Just days after The New York Times reported a leaked memo from the Department of Health and Human Services that defined gender as an immutable biological trait under Title IX law, the University released a statement reaffirming its commitment to protect and advance transgender rights.
The Oct. 24 statement reaffirmed the University’s commitment to foster a diverse, inclusive and welcoming community for all transgender and gender-nonconforming students, faculty and staff. The statement wrote that protections under the University’s policies and Connecticut state law will be unaffected by the Department of Health’s interpretation of Title IX.
“Everyone in the Yale community should be reassured by the University’s reaffirmed commitment to promoting an inclusive environment, and especially by the dedication demonstrated by so many students, staff and faculty around campus to protecting and advancing the rights of trans and gender-nonconforming people,” associate director of the Office of LGBTQ Resources Andrew Dowe told the News.
Dean of Yale College Marvin Chun told the News that he strongly respects and is grateful for the University statement and its reinforcement of existing policy.

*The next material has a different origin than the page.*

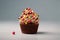 Sweet tasty vanilla cupcake whipped cream sprinkles topping pastry with wrapped festive Birthday present gift box orange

Dowe recognised that Yale has a “a long way to go” to achieve complete protection of trans rights on campus and in the world. Still, he is “confident” that Yale will dedicate the additional resources necessary to ensure that trans and gender-nonconforming people are able to “thrive on campus and beyond.”
SGH Gavis-Hughson ’19, a student who identifies as a member of the trans community, said Yale’s statement was appreciated.
“I think Yale’s explicit articulation of its commitment to protect trans students, faculty and staff is a necessity because of the uncertainty and fear created for trans people by the memo,” Gavis-Hughson said. “While the existence of trans people is not in question, now or ever, our legal status is and this could have a huge impact on trans safety and livelihood.”
Gavis-Hughson said that making a statement is a starting point towards supporting trans people, but it “can’t be an ending point.” Yale, Gavis-Hughson suggested, ought to make sure healthcare for trans people is accessible and “trans-competent,” and that Yale hire more trans and nonbinary faculty.
The statement also outlined the existing academic resources for trans and nonbinary members of the Yale community, including the Lesbian, Gay, Bisexual and Transgender Studies program, an interdisciplinary committee that offers lectures, conferences and film screenings and provides research grants to students interested in the field of study.
Members of the New Haven community have already rallied against the Department of Health and Services’ potential new memo, which would define gender as an immutable biological trait, as reported by the New York Times. On Oct. 29, over 300 people gathered in the Parish House of the United Church on the Green for a rally in solidarity with the trans and intersex community.
At the rally, Lola Hourihane ’20, president of Trans@Yale, told the News that it was “comforting to … hear people speak about the memo and reaffirm our power to resist it.”
The origin of Lesbian and Gay Studies at Yale can be traced back to 1980.